İdarenin ihale tarihini belirleme konusunda takdir yetkisi bulunmakta olup ihaleye konu taşınmaza ait kira sözleşmesinin 31/08/2021 tarihi itibarıyla sona erdiği ve ihalenin 09/06/2022 tarihinde gerçekleştirileceği, 06/07/2021 ve 16/09/2021 tarihlerinde taşınmazın tahliyesi için kiracıya ihtarda bulunulduğu, davaya konu ihalenin süresinin 10 yıl olduğu hususları da dikkate alındığında takdir yetkisinin kamu yararı ve hizmet gerekleri ile sınırlı kullanıldığı, keyfi olmadığı sonucuna varılmıştır.

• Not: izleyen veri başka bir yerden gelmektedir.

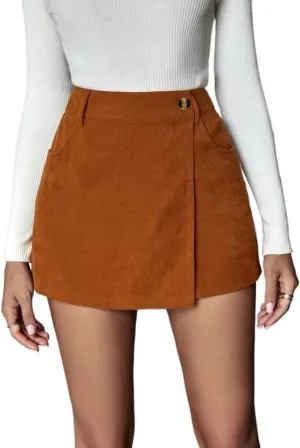 Women 2025 Summer Casual Shorts Skort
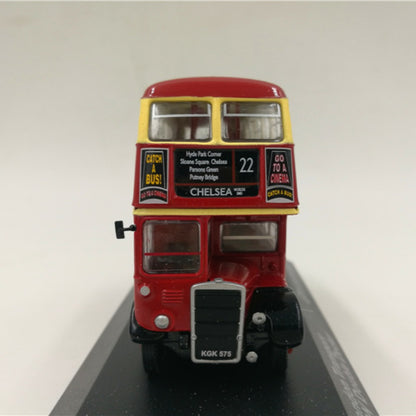 1/76 Scale London Transport RTW Double-Decker Bus Diecast Model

Bu itibarla, idarenin ihale tarihini belirleme konusunda takdir yetkisine sahip olduğu ve açık değerlendirme hatası olmadıkça idarenin tercihini belli bir yönde kullanması konusunda yargı yoluyla zorlanmasına da hukuken imkân bulunmadığı; öte yandan, 2577 sayılı Kanun’un 2. maddesi uyarınca idari yargı yerlerince de, idarelerin bu yöndeki takdir yetkisinin kaldırılması sonucunu doğuracak şekilde karar verilemeyeceği hususları birlikte değerlendirildiğinde, Taşınmaz Mal Kiralama Şartnamesi’nin 2. maddesinde hukuka aykırılık, anılan maddenin iptaline yönelik Mahkeme kararında ise hukukî isabet bulunmamaktadır.

KARAR SONUCU :
Açıklanan nedenlerle;
1. Davalının temyiz isteminin kısmen reddine,
2. … İdare Mahkemesi’nin … tarih ve E:…, K:… sayılı kararının Taşınmaz Mal Kira Şartnamesi’nin 13. maddesinin (i) bendi ile 09/06/2022 tarihinde gerçekleştirilecek kiralama ihalesinin iptaline ilişkin kısmında, 2577 sayılı İdari Yargılama Usulü Kanunu’nun 49. maddesinde sayılan bozma nedenlerinden hiçbirisi bulunmadığından anılan Mahkeme kararının bu kısmı ile davacı lehine vekâlet ücretine hükmedilmesine ilişkin kısmının ONANMASINA,
3. Davalının temyiz isteminin kısmen kabulüne;
4. Temyize konu Mahkeme kararının Taşınmaz Mal Kiralama Şartnamesi’nin 2. maddesinin iptaline ilişkin kısmının 2577 sayılı Kanun’un 49. maddesi uyarınca BOZULMASINA,
5. Bu kısım yönünden DAVANIN REDDİNE,
6. Dava kısmen ret, kısmen iptal kararı ile sonuçlandığından, ayrıntısı aşağıda gösterilen …-TL ilk derece yargılama giderinin yarısı olan …-TL’nin davacı üzerinde bırakılmasına, kalan …-TL’nin davalı idareden alınarak davacıya verilmesine,
7. Ayrıntısı aşağıda gösterilen davalı idare tarafından yapılan …-TL temyiz yargılama giderinin yarısı olan …-TL’nin davalı idare üzerinde bırakılmasına, kalan …-TL’nin davacıdan alınarak davalı idareye verilmesine,
8. Kullanılmayan …-TL ilk derece aşamasındaki yürütmeyi durdurma harcının istemi hâlinde davacıya iadesine,
9. Avukatlık Asgari Ücret Tarifesi uyarınca …-TL vekâlet ücretinin davacıdan alınarak davalıya verilmesine,
10. Posta giderleri avansından artan tutarın taraflara iadesine,
11. Dosyanın anılan Mahkeme’ye gönderilmesine,
12. 2577 sayılı Kanun’un 20/A maddesinin ikinci fıkrasının (i) bendi uyarınca kesin olarak (karar düzeltme yolu kapalı olmak üzere), 13/02/2023 tarihinde oybirliğiyle karar verildi.